BEGIN
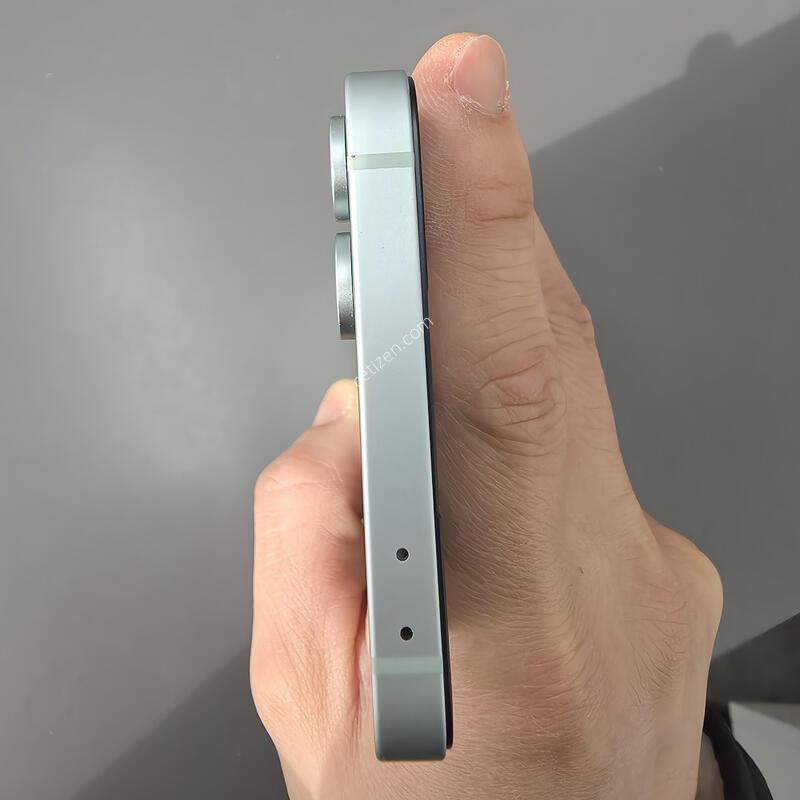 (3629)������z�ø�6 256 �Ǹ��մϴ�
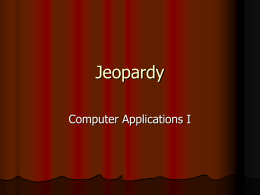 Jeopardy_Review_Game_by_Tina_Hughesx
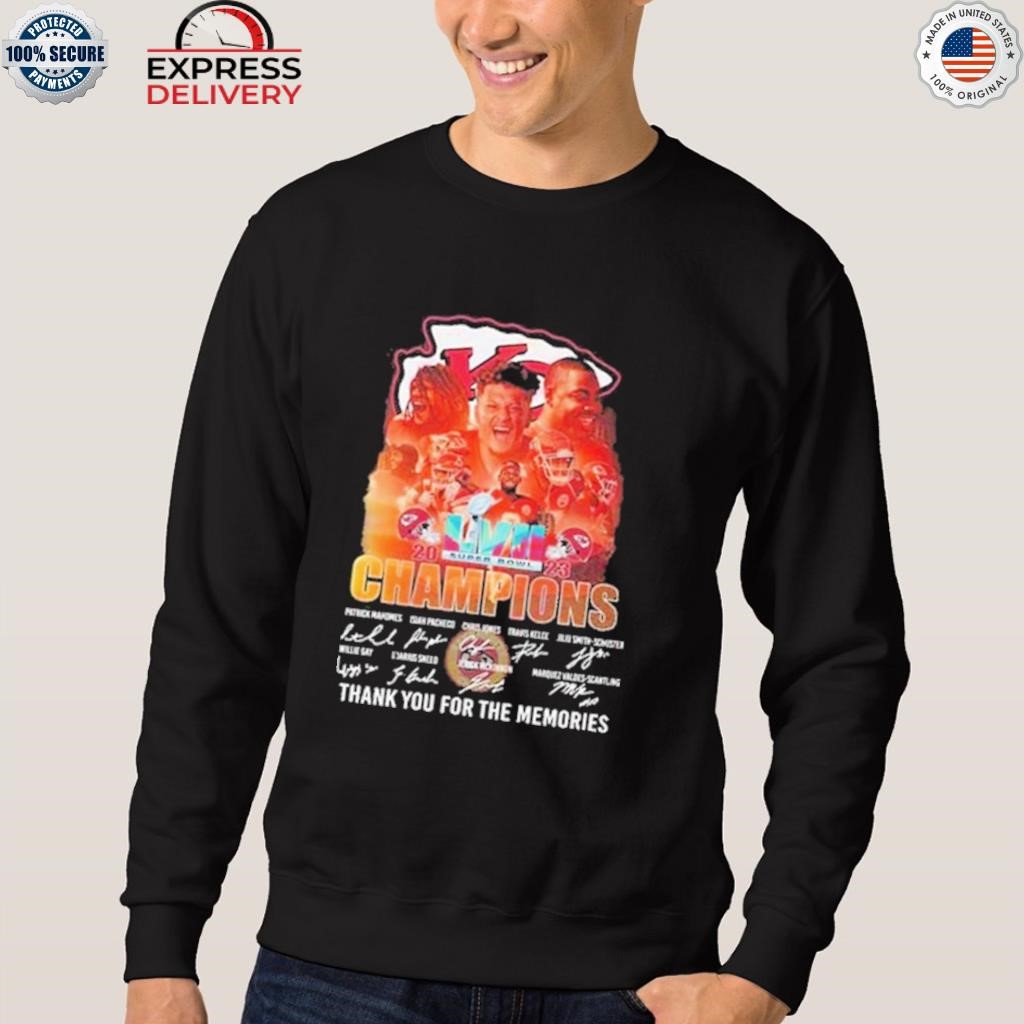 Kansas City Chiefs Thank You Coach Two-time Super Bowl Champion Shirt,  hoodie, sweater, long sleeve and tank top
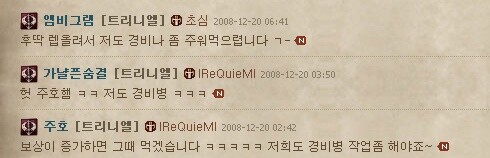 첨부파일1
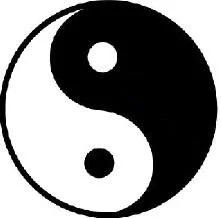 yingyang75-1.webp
END
BEGIN
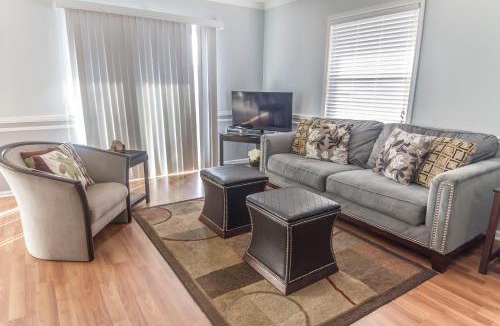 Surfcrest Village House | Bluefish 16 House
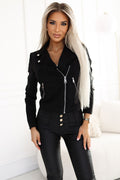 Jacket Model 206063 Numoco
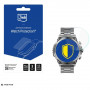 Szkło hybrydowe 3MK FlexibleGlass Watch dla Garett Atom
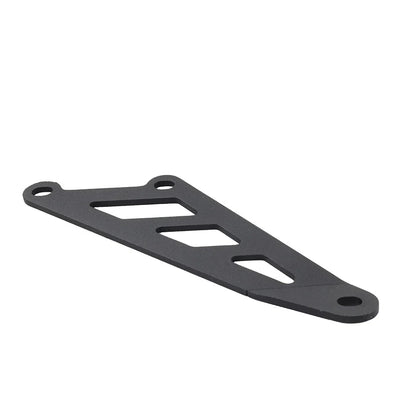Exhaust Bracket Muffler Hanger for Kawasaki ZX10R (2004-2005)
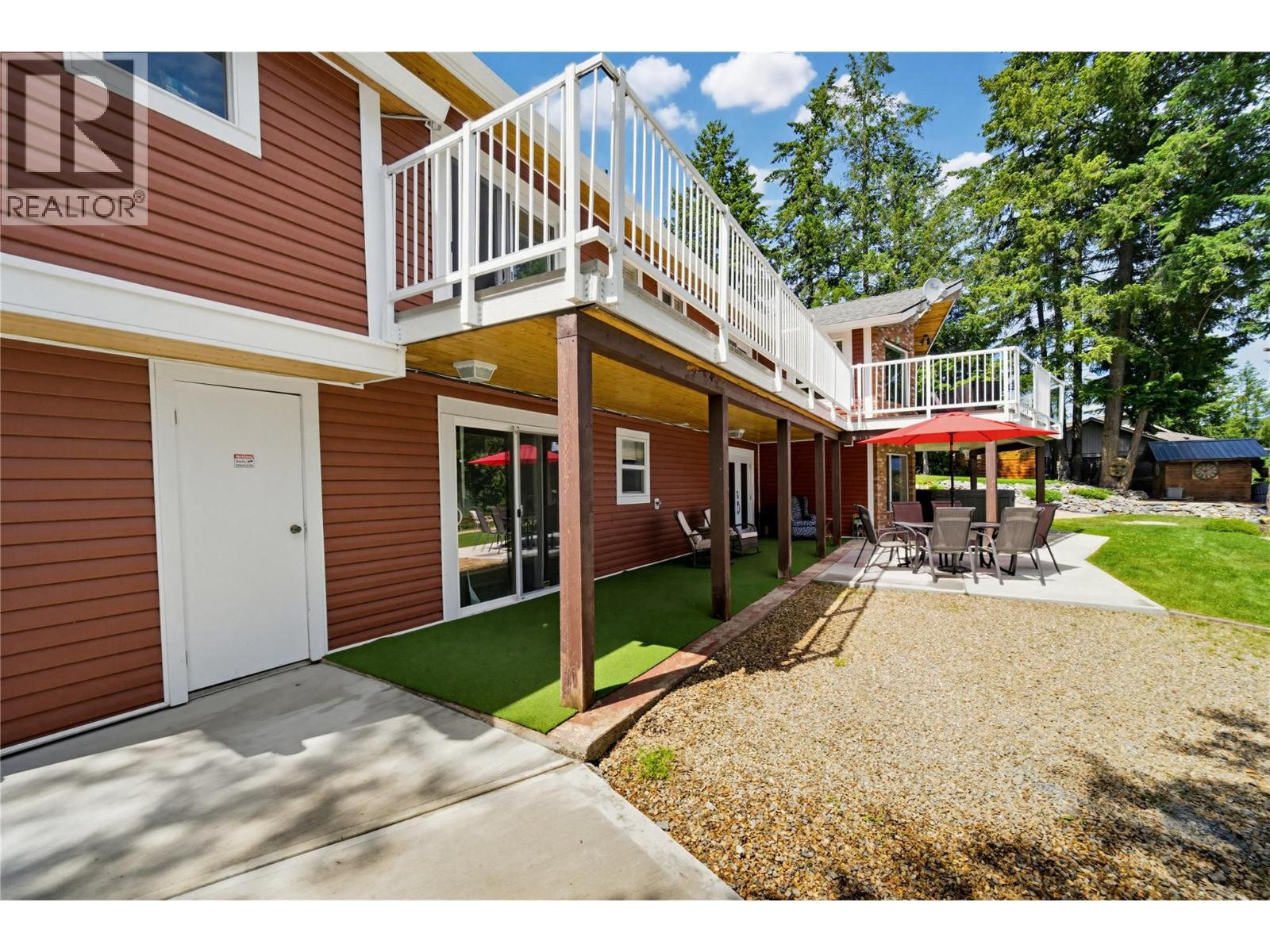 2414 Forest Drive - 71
END
WHAT NEEDS TO BE DONE: Word for word, retype the lines in the entries above that run from the one with "(3629)������z�ø�6 256 �Ǹ��մϴ�" through the one with "yingyang75-1.webp". Both ends count; pictures do not.

OUTPUT BELOW:
 (3629)������z�ø�6 256 �Ǹ��մϴ�
 Jeopardy_Review_Game_by_Tina_Hughesx
 Kansas City Chiefs Thank You Coach Two-time Super Bowl Champion Shirt,  hoodie, sweater, long sleeve and tank top
 첨부파일1
 yingyang75-1.webp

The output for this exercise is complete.